|
SUARA
KARYA, 17 Mei 2013
Secara primordial, tauhid
merupakan kepercayaan atau keyakinan bahwa Allah adalah Esa. Allah adalah satu,
tak ada yang menyamai-Nya. Tauhid ini menjadi dasar misi penyiaran Islam pada
awalnya, fase Mekkah.
Dalam konteks yang lebih jauh,
ternyata tauhid tak hanya menjadi dasar pokok dalam beragama, namun juga dalam
ranah sosial. Dengan bertauhid, manusia akan lebih bisa menemukan jati dirinya
dalam bermasyarakat. Atau, dengan istilah singkatnya, terdapat kecerdasan
tauhid.
Kebutuhan
Beratus-ratus tahun, orang-orang
Barat mengagungkan pembebasan sebagai upaya untuk mengaktulisasikan diri.
Hegemoni gereja pada saat itu telah melahirkan bentuk perlawanan yang sangat
ekstrim. Tak jarang, manusia terjerumus dalam jurang atheisme, suatu paham tak
beragama. Bahkan, mereka juga menyerang agama.

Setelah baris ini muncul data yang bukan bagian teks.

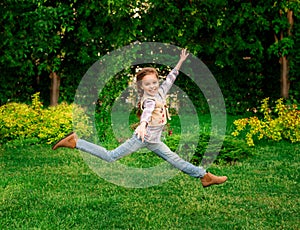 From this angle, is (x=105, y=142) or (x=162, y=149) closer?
(x=162, y=149)

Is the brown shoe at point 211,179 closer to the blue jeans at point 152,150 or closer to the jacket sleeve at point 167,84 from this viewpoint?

Agama sering dikatakan sebagai
penghilang eksistensi, sebagai candu masyarakat, dan membuat orang tak dewasa,
khususnya bagi orang-orang tak beragama (atheis). Karl Mark menganggap bahwa
agama justru hanya dijadikan sebagai candu dalam masyarakat. Ketika seseorang
telah merasa terjepit baru ingat kepada Tuhannya. Sedangkan, Sigmund Frued
berpandangan bahwa agama justru tak membuat manusia dewasa. Sedikit-sedikit ada
masalah, lari kepada Tuhan. Manusia dianggap hilang eksistensinya.
Lebih jauh, manusia hanya dianggap
sebagai 'tahanan' atas seperangkat aturan-aturan agama. Manusia tak dapat
menunjukkan bahwa 'inilah aku', namun hanya terhegemoni oleh kekuatan lain.

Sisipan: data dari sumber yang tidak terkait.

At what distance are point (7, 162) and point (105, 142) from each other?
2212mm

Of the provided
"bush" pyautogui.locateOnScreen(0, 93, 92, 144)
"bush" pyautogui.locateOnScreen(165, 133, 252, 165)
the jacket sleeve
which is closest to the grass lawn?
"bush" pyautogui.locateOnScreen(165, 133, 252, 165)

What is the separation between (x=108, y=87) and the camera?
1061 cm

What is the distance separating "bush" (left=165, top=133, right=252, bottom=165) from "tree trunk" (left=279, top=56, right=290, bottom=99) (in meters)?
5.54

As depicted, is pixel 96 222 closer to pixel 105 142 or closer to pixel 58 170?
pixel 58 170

Bahkan, agama dianggap dapat mengkerdilkan potensi dalam diri manusia. Manusia
hanya berserah diri, tanpa sebuah usaha yang maksimal. Sedikit demi sedikit
ketika ada persoalan dan terlihat berat, manusia hanya dapat berkata, 'ini
sudah ketentuan'. Padahal, pintu usaha masih terbuka lebar.

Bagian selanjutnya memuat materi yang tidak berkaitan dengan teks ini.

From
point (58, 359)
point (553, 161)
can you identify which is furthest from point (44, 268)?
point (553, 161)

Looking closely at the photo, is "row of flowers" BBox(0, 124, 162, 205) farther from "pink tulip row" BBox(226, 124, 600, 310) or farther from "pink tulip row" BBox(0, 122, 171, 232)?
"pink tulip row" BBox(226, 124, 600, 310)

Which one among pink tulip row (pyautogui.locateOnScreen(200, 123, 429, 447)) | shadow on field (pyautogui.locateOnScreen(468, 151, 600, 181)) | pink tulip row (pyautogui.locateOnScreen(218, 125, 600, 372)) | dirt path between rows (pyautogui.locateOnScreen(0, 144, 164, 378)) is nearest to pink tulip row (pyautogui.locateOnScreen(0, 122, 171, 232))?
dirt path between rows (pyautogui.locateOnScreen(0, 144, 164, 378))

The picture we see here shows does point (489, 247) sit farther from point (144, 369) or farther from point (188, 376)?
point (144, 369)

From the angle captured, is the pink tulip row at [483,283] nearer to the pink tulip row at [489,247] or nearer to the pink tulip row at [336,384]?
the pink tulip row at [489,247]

Namun tak dipungkiri juga,
kebebasan memang penting bagi perkembangan manusia. Dalam sebuah ungkapan yang
begitu indah, Kahlil Gibran menyatakan bahwa seseorang dapat bebas tanpa
kebesaran, namun tak seorang pun dapat besar tanpa kebebasan. Ini dipertegas
dengan sebuah kenyataan bahwa, setelah orang-orang Barat mendeklarasikan sapere
aude, beranilah berfikir sendiri, kemajuan bangsa Barat kian menjadi-jadi. Ilmu
pengetahuan dan teknologi tumbuh subur.
Agama benar-benar mendapatkan
tamparan telak. Dalam buku Paham Ketuhanan Modern; Sejarah dan Pokok
Ajaran-ajarannya karya Loekisno Choiril Warsito (2003) disebutkan bahwa
pemikiran atheisme pada mulanya memang banyak dikecam orang. Namun, tidak
demikian halnya dengan kedudukan dan peran yang dimainkannya pada abad
akhir-akhir ini. Ini tak lain adalah karena kemajuan yang didapat dari
orang-orang atheis tersebut.
Namun, pada awal mula abad ke-20
an, pemikiran manusia kembali bergolak. Atheis yang dahulu diagung-agungkan,
mulai mengalami keruntuhan. Pemikiran materialisme, yang memandang hidup ini
hanya dari segi materi saja mulai kebingungan. Perkembangan ilmu pengetahuan
dan teknologi justru mengarahkan bahwa Tuhan benar-benar ada, semisal dari
teori terjadinya jagat raya, big bang.
Pada konteks tersebut, konsep
kebebasan manusia dalam upaya untuk mengaktualisasikan potensi diri juga perlu
untuk diubah. Bukan dengan meninggalkan Tuhan, karena pada dasarnya manusia
membutuhkan Tuhan, namun mengemasnya dalam dogma agama yang tak fanatik buta.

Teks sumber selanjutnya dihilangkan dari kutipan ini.